Quote: AxiomOfChoiceWhy would I want to leave a +EV game? Is there a better game in heaven?
I'm not making any judgements about if heaven or hell is better..
Also, one downside to Fizzbin is you get punched in the face after you win.
Quote: chrisrI'm not making any judgements about if heaven or hell is better..
Also, one downside to Fizzbin is you get punched in the face after you win.
Well that hardly seems fair. Next you're going to tell me that the devil cheats.
Anyway, there is a well-known formula that answers this question. By well-known, I mean that I don't remember it, and I'm too lazy to derive it.

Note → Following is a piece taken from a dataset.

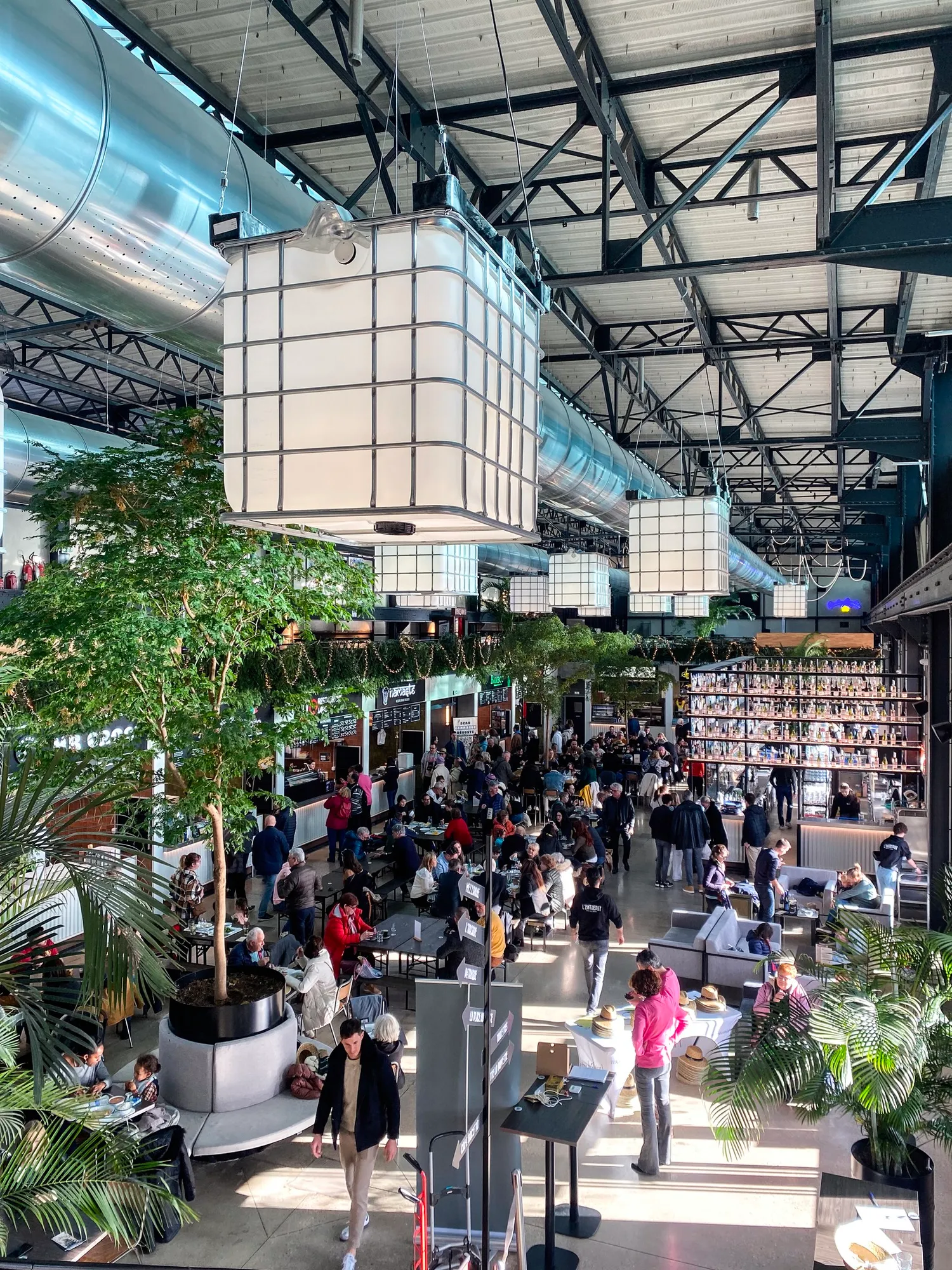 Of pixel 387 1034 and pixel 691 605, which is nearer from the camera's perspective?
pixel 387 1034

The answer sure as hell isn't 1, though.
Quote: chrisrYou die and go to hell. As punishment for your sins you are forced to play a game the devil made-up called "Fizzbin". The rules are complicated, but there is no strategy. You must always wager exactly $1 and win $1 with p=2/3 and lose $1 with p=1/3. If you lose all of your money you can leave and go to heaven.
You start with $1, What is the probability that you spend eternity in hell?

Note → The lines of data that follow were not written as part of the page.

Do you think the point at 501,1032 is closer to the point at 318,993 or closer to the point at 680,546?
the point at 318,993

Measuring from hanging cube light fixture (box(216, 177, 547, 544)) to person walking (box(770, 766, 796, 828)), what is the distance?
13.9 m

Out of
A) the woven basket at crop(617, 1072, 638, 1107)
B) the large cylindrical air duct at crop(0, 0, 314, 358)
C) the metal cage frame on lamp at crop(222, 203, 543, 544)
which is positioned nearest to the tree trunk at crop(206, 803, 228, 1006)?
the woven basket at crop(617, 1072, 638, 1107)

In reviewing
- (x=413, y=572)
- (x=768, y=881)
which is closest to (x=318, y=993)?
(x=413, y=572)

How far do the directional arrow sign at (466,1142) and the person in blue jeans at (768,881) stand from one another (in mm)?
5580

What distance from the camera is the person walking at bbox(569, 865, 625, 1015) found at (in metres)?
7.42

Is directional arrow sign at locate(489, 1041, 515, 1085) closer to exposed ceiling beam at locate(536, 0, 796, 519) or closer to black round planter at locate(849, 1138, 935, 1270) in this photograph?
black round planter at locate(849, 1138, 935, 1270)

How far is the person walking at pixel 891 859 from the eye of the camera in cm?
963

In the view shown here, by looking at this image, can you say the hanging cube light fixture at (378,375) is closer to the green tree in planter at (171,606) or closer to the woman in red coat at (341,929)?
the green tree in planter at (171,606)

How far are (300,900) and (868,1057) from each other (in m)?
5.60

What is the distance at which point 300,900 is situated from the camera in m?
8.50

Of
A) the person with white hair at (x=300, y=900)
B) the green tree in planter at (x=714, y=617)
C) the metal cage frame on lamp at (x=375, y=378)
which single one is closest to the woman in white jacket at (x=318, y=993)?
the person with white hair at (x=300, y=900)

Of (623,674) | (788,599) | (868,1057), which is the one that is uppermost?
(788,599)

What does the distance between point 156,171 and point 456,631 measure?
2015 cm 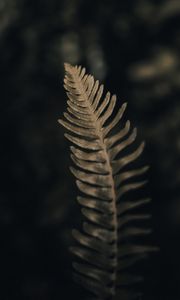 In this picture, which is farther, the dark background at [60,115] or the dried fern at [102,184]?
the dark background at [60,115]

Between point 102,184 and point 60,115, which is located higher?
point 60,115

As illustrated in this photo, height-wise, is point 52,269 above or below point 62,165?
below

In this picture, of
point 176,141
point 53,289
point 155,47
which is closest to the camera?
point 53,289

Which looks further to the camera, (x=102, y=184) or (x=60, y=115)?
(x=60, y=115)

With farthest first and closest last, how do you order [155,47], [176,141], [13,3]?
1. [13,3]
2. [155,47]
3. [176,141]

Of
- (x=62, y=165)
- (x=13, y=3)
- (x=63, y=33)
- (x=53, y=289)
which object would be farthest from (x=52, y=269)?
(x=13, y=3)

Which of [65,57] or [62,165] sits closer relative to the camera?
[62,165]

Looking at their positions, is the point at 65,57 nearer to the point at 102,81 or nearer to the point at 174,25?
the point at 102,81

66.6 % chance you spend eternity in hell is my guess.
For two reasons :
1) after the 1st flip, if you don't lose you're pretty much screwed. If you lose, you are set free. If you win, you have to hit 1/3 twice in a row. And at the devils game, highly unlikely.
2) 66.6 is the devils number, so it seems to fit.
Is there proof of your 1/3 chance to lose and go to heaven? I feel like the devil would just be laughing at you playing a rigged game.
Edit: does the devil offer comps? They would probably be pretty good, though bad for you. Like Jessica alba GOLDEN water boarding you.
Quote: AxiomOfChoiceWhy would I want to leave a +EV game? Is there a better game in heaven?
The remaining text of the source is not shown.